2.4. Preparation of PGPLs

The PGPLs were prepared by the previously established modified hydration method and the detailed procedure is described in the Supplementary Materials [22,23,24].

2.5. Characterization and Stability Study of PGPLs

The particle size, polydispersity index (PDI), and zeta potential were measured using dynamic light scattering (DLS) (Malvern, Zetasizer Nano ZS, UK). For particle size measurements, disposable cuvettes, and for zeta potential, disposable folded capillary cell were used at 25 °C. To estimate the entrapment efficiency of the PGPLs, Amicon Ultra centrifugal filters (50 K) were used.

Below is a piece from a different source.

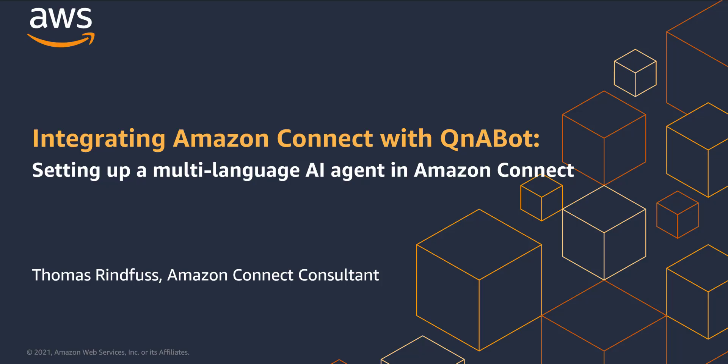Hi, I'm Thomas Rinfus. I'm a professional services consultant here at Amazon Web Services, specialized in Amazon Connect.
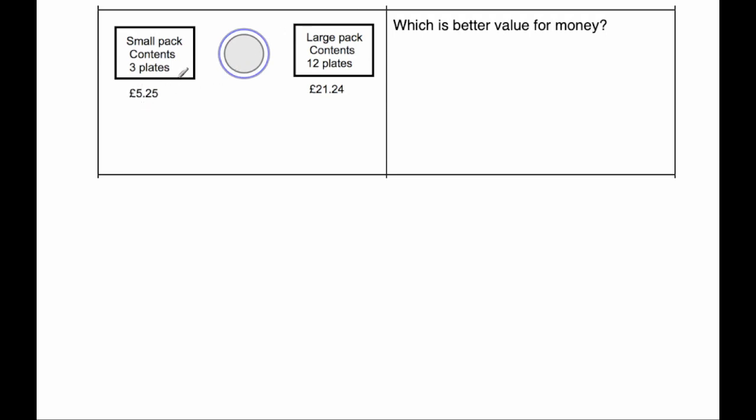So I'm going to buy four packs of these, so four packs. So we're going to do four times £5.25. So £5.25 times by four would be, four times five is 20, put the zero down and carry the two.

The concentration of total and free drug was analyzed using HPLC. For calculating encapsulation efficiency, the following formula was used:

$$\begin{array}{c}Percent Encapulation efficiency=\frac{\left[Total drug\right]-\left[Free drug\right]}{\left[Total drug\right]}\times 100\\ Percent drug loading=\frac{\left[Amount of entrapped drug\right]}{\left[Total solid content\right]}\times 100\end{array}$$

PGPLs prepared by the modified hydration method were subjected to a stability study at 4 °C. Particle size, PDI, and zeta potential were evaluated every week.

2.6. In Vitro Cytotoxicity

In vitro cytotoxicity of Gem Elaidate and Gem was evaluated in two pancreatic cancer cell lines (MIA PaCa-2 and BxPC3) using 3-(4,5-dimethylthiazol-2-yl)-2,5-diphenyl tetrazolium bromide (MTT) assay. The detailed procedure is described in the Supplementary Materials.

2.7. Quantitative Cellular Uptake Assay

Quantitative cellular uptake of Gem Elaidate, Gem, and PGPLs was determined in MIA PaCa-2 cells. the detailed procedure is described in the Supplementary Materials [25].

2.8. In Vitro Hemolysis Study

The in vitro hemolysis study of fabricated PGPLs at different concentration was carried out using mouse red blood cells (RBCs). The detailed procedure is described in the Supplementary Materials [26].

2.9. In Vitro Migration Assay

To determine the percent of the bridging of the migration area for Gem Elaidate, Gem and PGPL-treated cells, an in vitro migration assay was performed. the detailed procedure is described in the Supplementary Materials [27].

2.10. Clonogenic Assay

The effectiveness of Gem Elaidate, Gem, and PGPLs on colony inhibition for MIA PaCa-2 was examined using a clonogenic assay [28].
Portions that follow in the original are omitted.